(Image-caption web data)
────────────────────

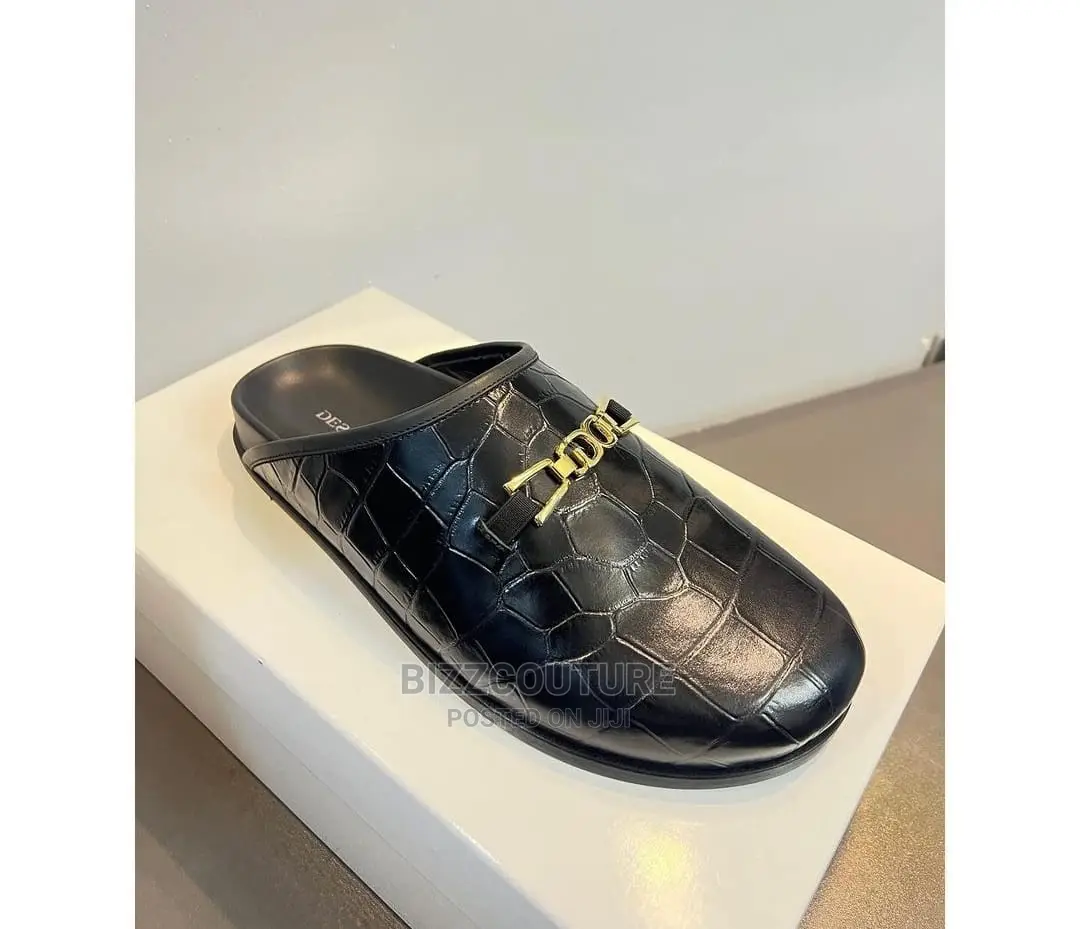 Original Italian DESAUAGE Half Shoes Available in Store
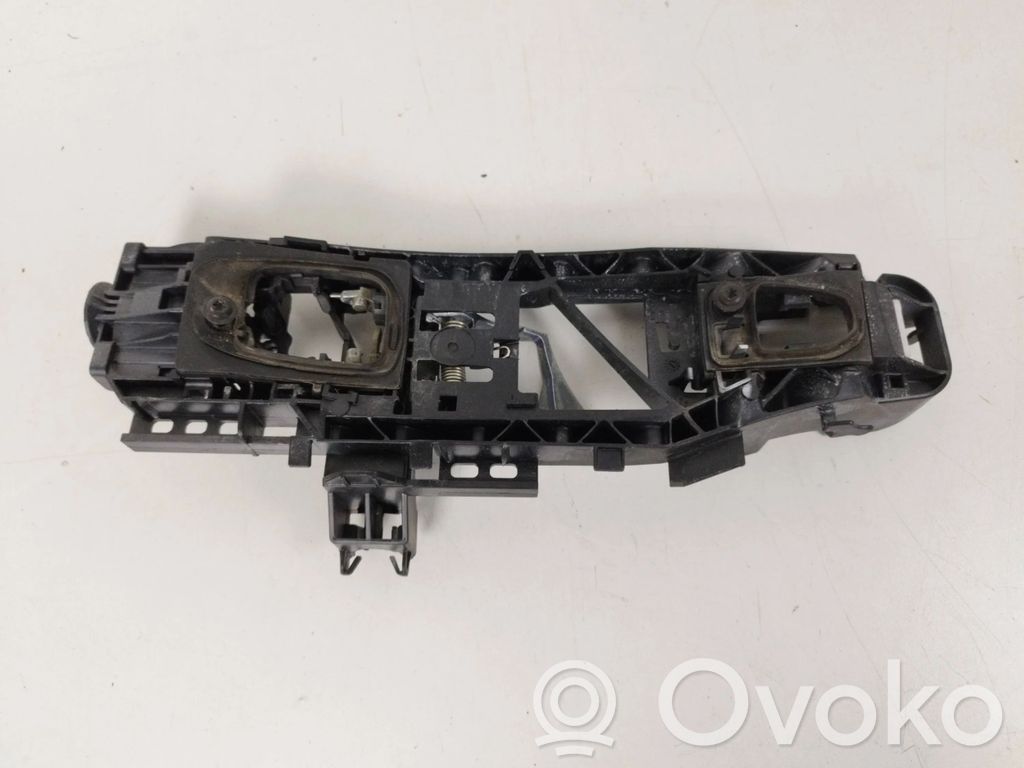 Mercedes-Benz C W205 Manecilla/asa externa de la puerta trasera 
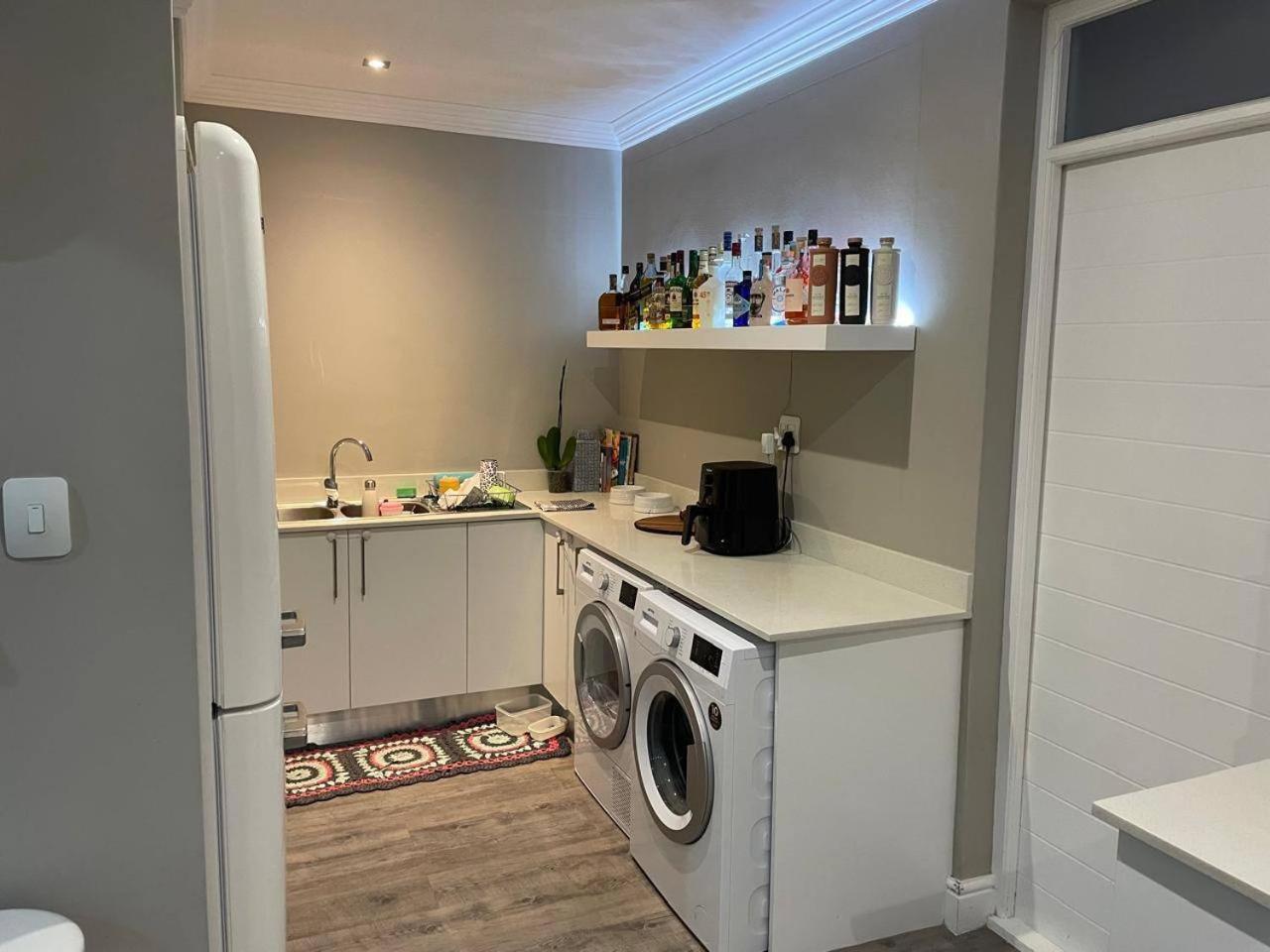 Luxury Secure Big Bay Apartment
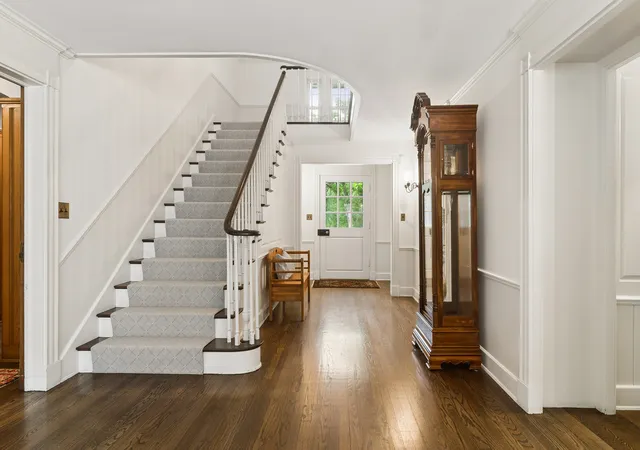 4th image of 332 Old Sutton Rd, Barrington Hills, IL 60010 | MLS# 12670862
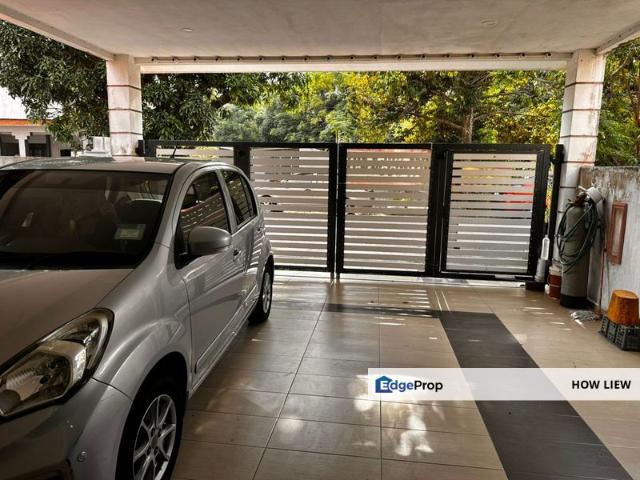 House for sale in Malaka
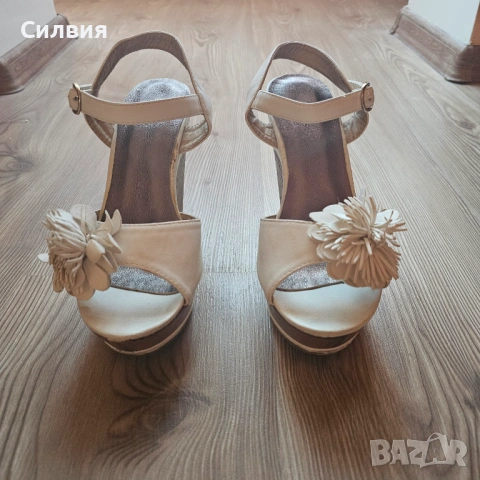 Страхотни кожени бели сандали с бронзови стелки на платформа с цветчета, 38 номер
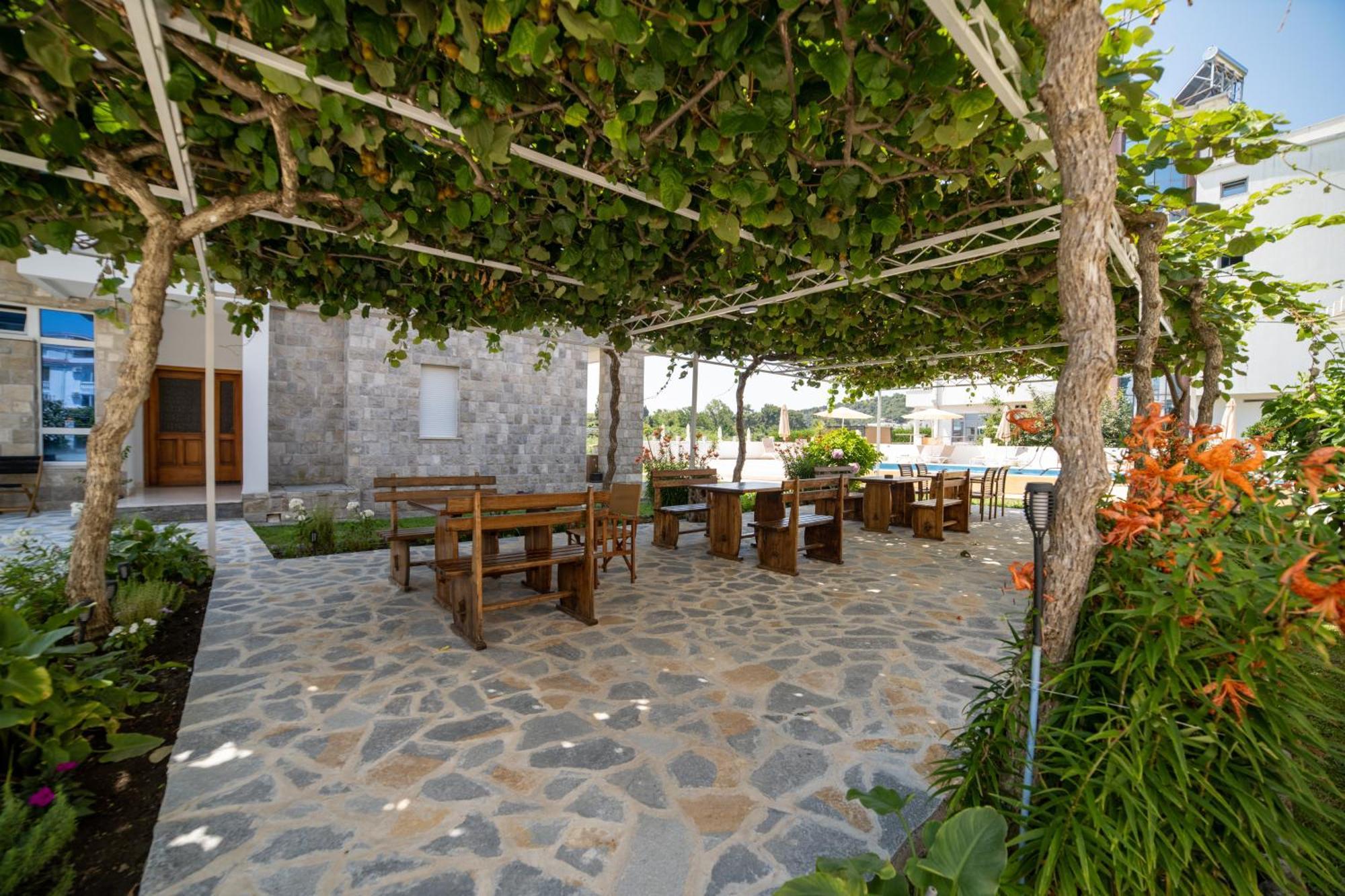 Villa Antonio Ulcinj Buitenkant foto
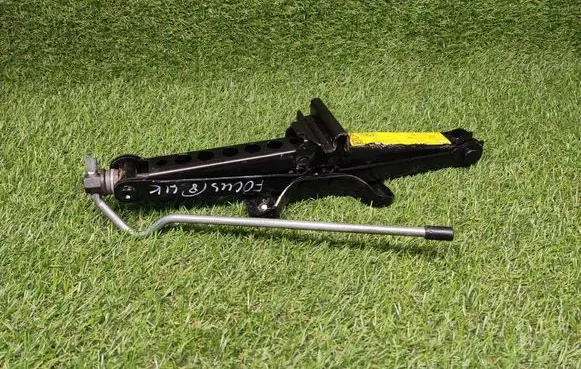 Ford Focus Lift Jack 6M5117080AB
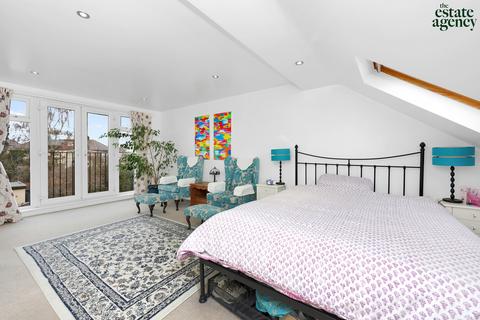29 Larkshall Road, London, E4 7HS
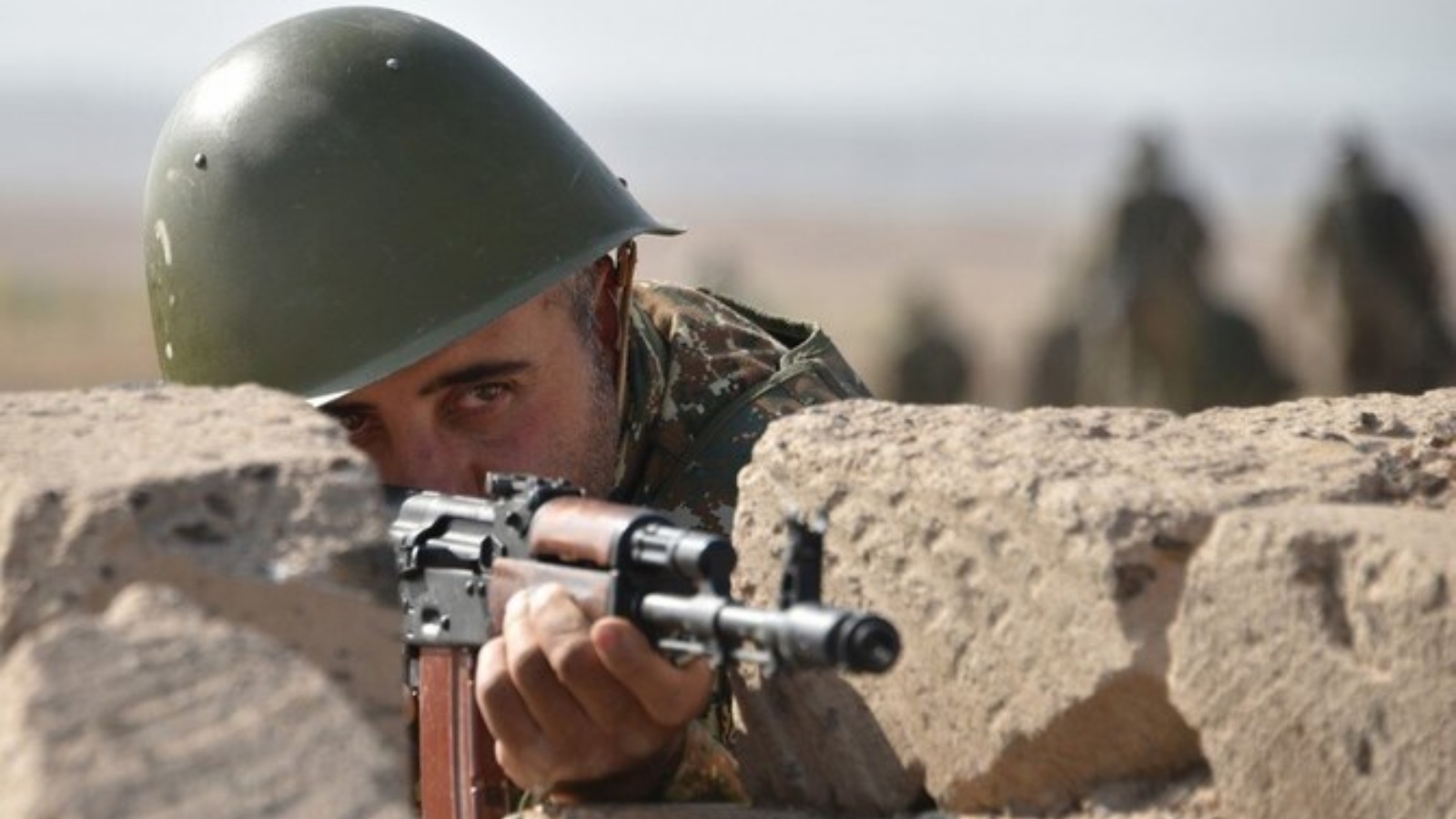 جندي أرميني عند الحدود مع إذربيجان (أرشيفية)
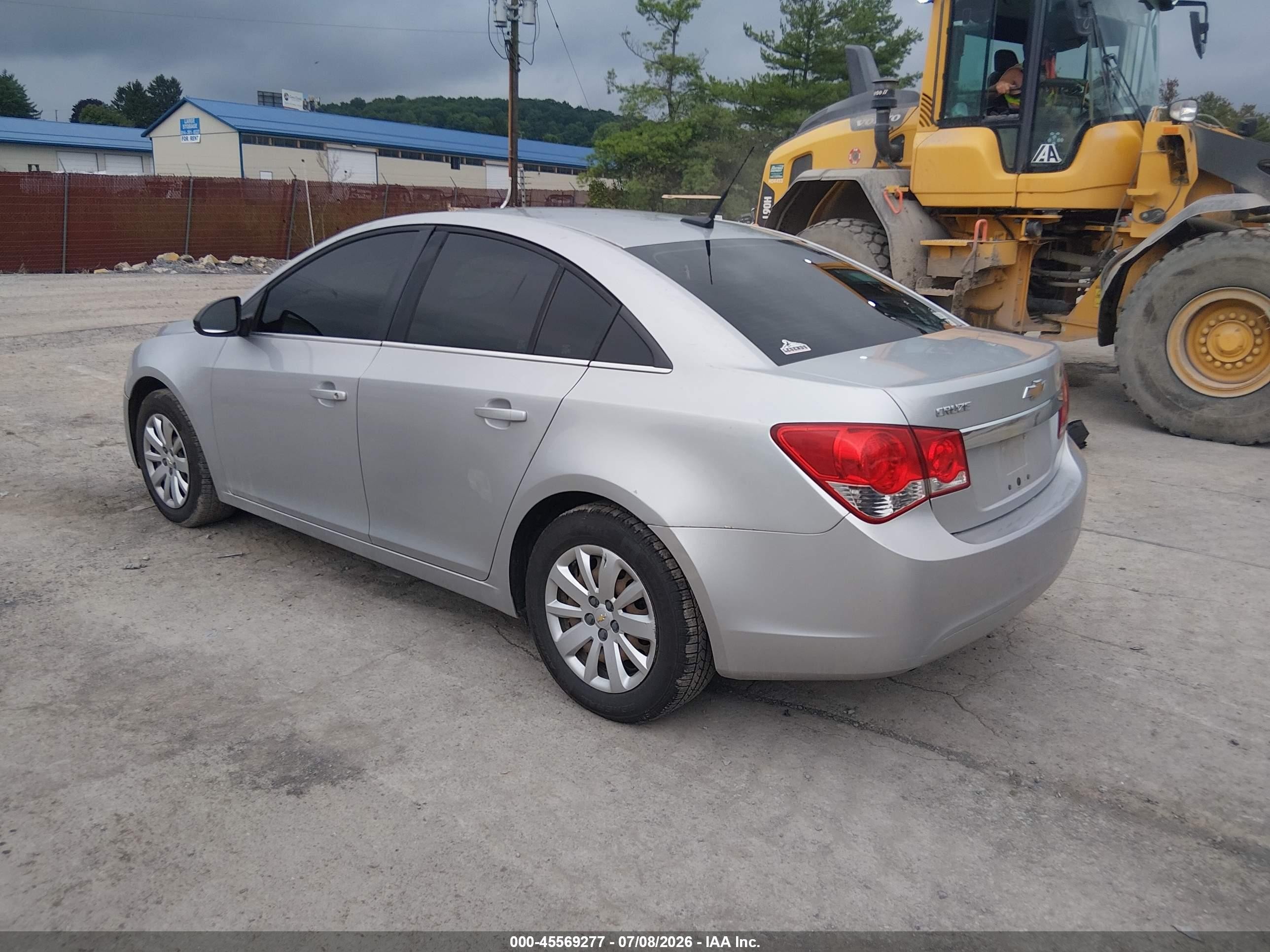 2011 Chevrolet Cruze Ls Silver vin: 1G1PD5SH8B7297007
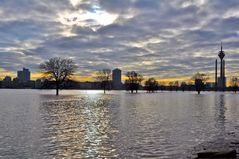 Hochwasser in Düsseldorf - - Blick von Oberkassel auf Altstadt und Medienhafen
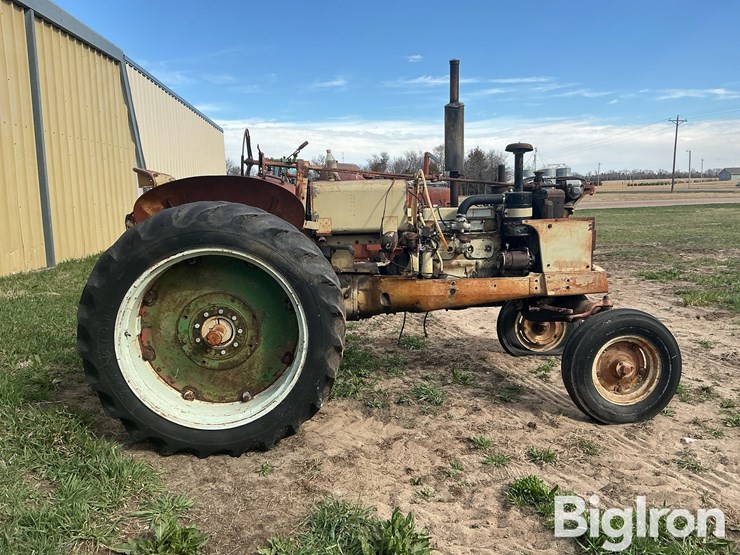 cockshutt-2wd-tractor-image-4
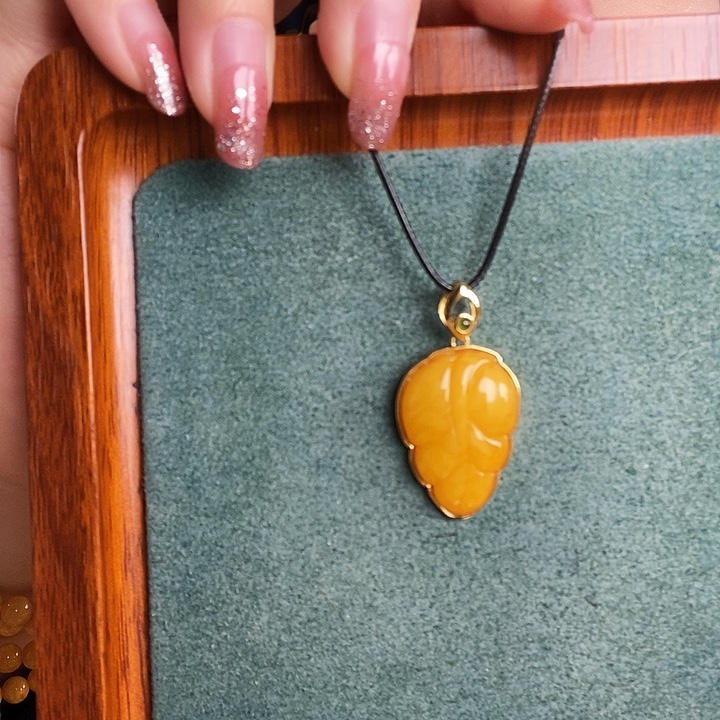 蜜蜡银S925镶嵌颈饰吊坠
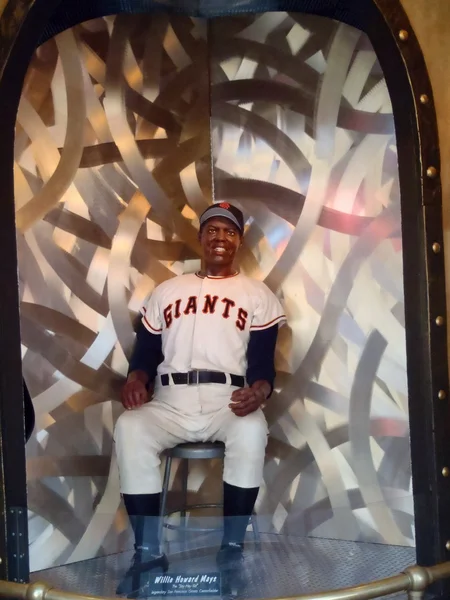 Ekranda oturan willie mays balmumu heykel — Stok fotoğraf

────────────────────

TASK STATEMENT - In the copy, include every record exactly and no pictures at all.

EXERCISE RESULT -
 Original Italian DESAUAGE Half Shoes Available in Store
 Mercedes-Benz C W205 Manecilla/asa externa de la puerta trasera 
 Luxury Secure Big Bay Apartment
 4th image of 332 Old Sutton Rd, Barrington Hills, IL 60010 | MLS# 12670862
 House for sale in Malaka
 Страхотни кожени бели сандали с бронзови стелки на платформа с цветчета, 38 номер
 Villa Antonio Ulcinj Buitenkant foto
 Ford Focus Lift Jack 6M5117080AB
29 Larkshall Road, London, E4 7HS
 جندي أرميني عند الحدود مع إذربيجان (أرشيفية)
 2011 Chevrolet Cruze Ls Silver vin: 1G1PD5SH8B7297007
 Hochwasser in Düsseldorf - - Blick von Oberkassel auf Altstadt und Medienhafen
 cockshutt-2wd-tractor-image-4
 蜜蜡银S925镶嵌颈饰吊坠
 Ekranda oturan willie mays balmumu heykel — Stok fotoğraf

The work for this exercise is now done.